Leaving the pictures aside, repeat each line below exactly.

-------- Data below --------

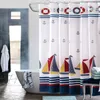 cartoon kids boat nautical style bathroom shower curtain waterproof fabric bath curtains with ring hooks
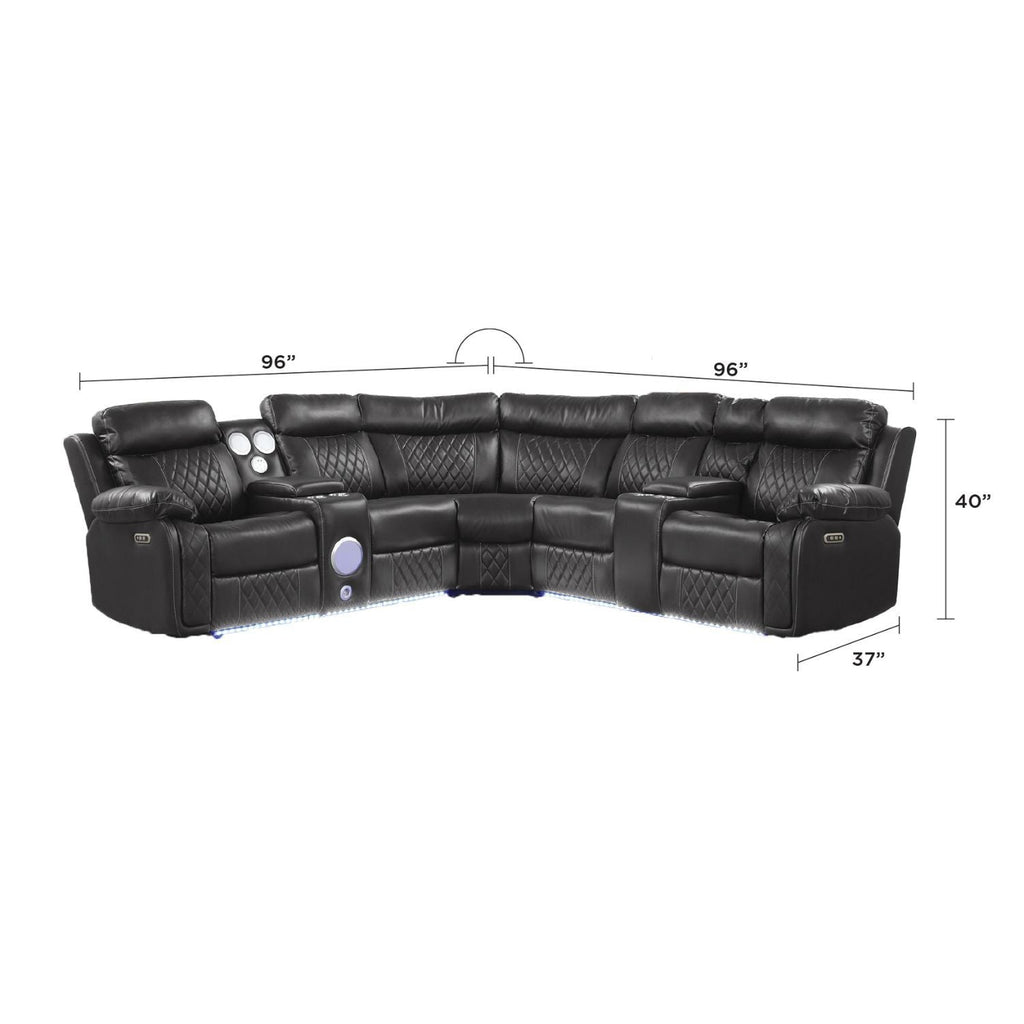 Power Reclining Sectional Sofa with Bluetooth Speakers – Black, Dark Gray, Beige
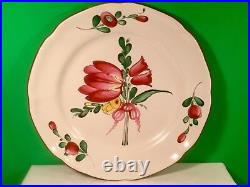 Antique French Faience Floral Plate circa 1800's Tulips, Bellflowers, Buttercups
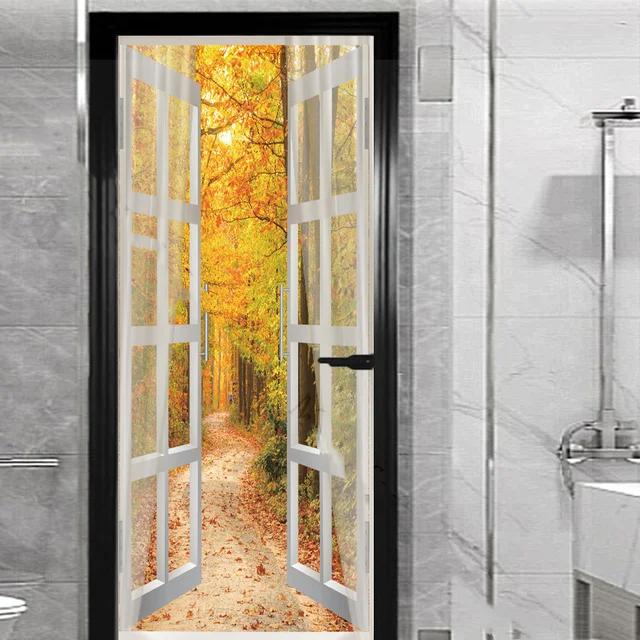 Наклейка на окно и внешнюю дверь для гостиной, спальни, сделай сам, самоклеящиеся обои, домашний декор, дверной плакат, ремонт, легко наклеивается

--------

_Expected output_
 cartoon kids boat nautical style bathroom shower curtain waterproof fabric bath curtains with ring hooks
 Power Reclining Sectional Sofa with Bluetooth Speakers – Black, Dark Gray, Beige
 Antique French Faience Floral Plate circa 1800's Tulips, Bellflowers, Buttercups
 Наклейка на окно и внешнюю дверь для гостиной, спальни, сделай сам, самоклеящиеся обои, домашний декор, дверной плакат, ремонт, легко наклеивается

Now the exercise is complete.